The Opium of the People

A missionary-minded friend sent me a link to an evangelical Christian book discussing the Marxist dictum: "Religion is the sob of the oppressed creature, the heart of a heartless world ... the opium of the people."  I cracked the book and had some ideas of my own.
 
To me the title of this book--Opium or Truth?--begs an important question.  In what way is opium not truth?  Regarding Marxism, I agree with Karl Popper, who called it a modern humanitarian religion (which the Bolsheviks and their ilk practised the way the Holy Inquisition practised Christianity).  So Marxism is just another kind of opium, subject to the same accidents and afflictions that attend the brands it aims to displace in the marketplace of ideas. 

I think the Daodejing is a better book for understanding the world, from the perspective that Life (or God) has given me, than is the Bible.  That does not mean that I resent people reading the Bible (or similar books), only that I don't personally find in it the deep meaning that they do.  I thought I found that meaning, for many years, but I kept searching the world and experiencing new things--and at some point I realized that the Bible is not the only or even the best guide for my life. 

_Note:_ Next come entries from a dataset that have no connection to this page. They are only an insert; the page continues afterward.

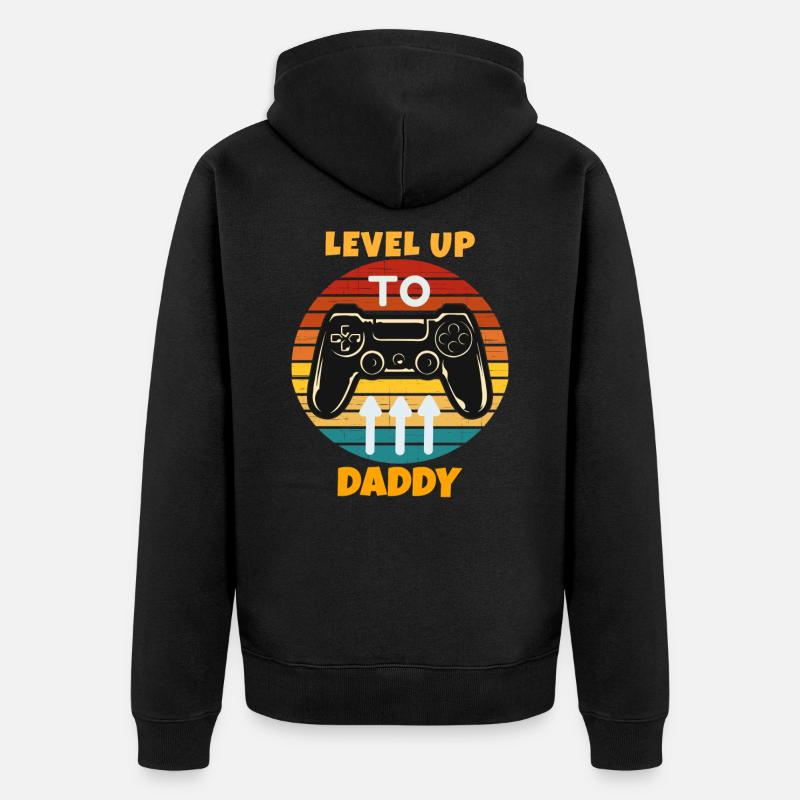 Leveled Up To Daddy - Unisex Premium Bio Zip Hoodie - Schwarz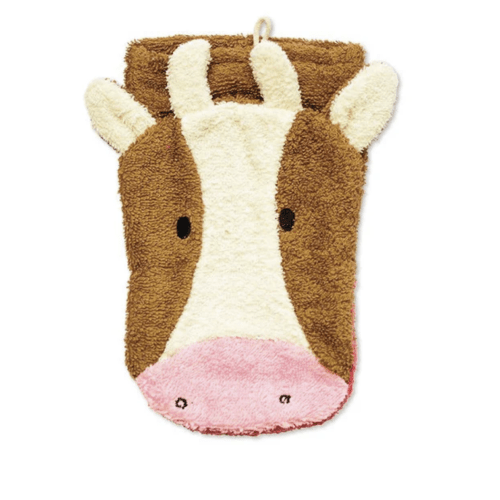 Organic Cotton Cow Washcloth Puppet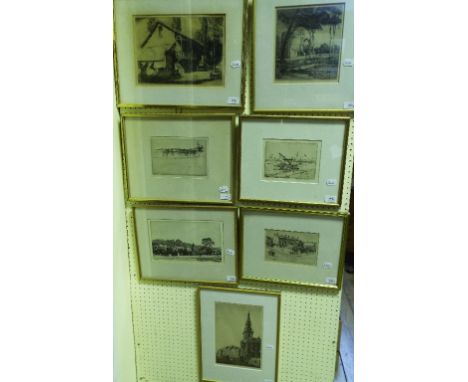 A Martin Hardie artist's proof etching, the plough, signed, and six other etchings (7)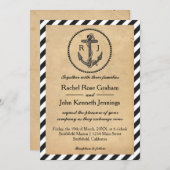 Vintager Nautikanker - Einladung zur Hochzeit (Vorne/Hinten)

My religion is not primarily about books or beliefs, in the end.  Books and beliefs for me are just tools, means to enable a kind of existence that is bigger than they are, that includes more things.  I need some connection to people, people who don't live on the other side of the world (or in an office building I can never visit in Salt Lake City).  I need some connection to the non-human environment around me that I can believe in (as I cannot believe in the gods I meet in the Old and New Testaments, the way these are commonly interpreted).  I need friends, nature, and service. 

The Bible does not offer me any of that.  In fact, it seems to take that away, when churches founded around it want to spend all their time talking about the Bible, instead of living what I see as a holy life.  I understand Jesus differently today than I once did.  I think his message was likely a bit different from what many people seem to think.  He did not write anything.  He did not command people to write.  He came to fulfil the Law: so why are we still reading it?  The Old Testament is done, gone, a curio--no different to Christ, in my mind, than the Epic of Gilgamesh.  The New Testament is not really much better: somewhere in the midst of miracle tales, sectarian rants, and pseudo-philosophical speculation (not to mention the straight-up insanity known as the Book of Revelation: that is some strong opium there, maybe LSD), the basic Christian message of universal love and political renunciation ("my kingdom is not of this world") gets buried and lost, so lost that hardly anyone finds it (especially not the people who spend their entire lives bloviating about the secret meaning of the impossible riddles we find in Isaiah, Daniel, Ezekiel, or the Book of Revelation).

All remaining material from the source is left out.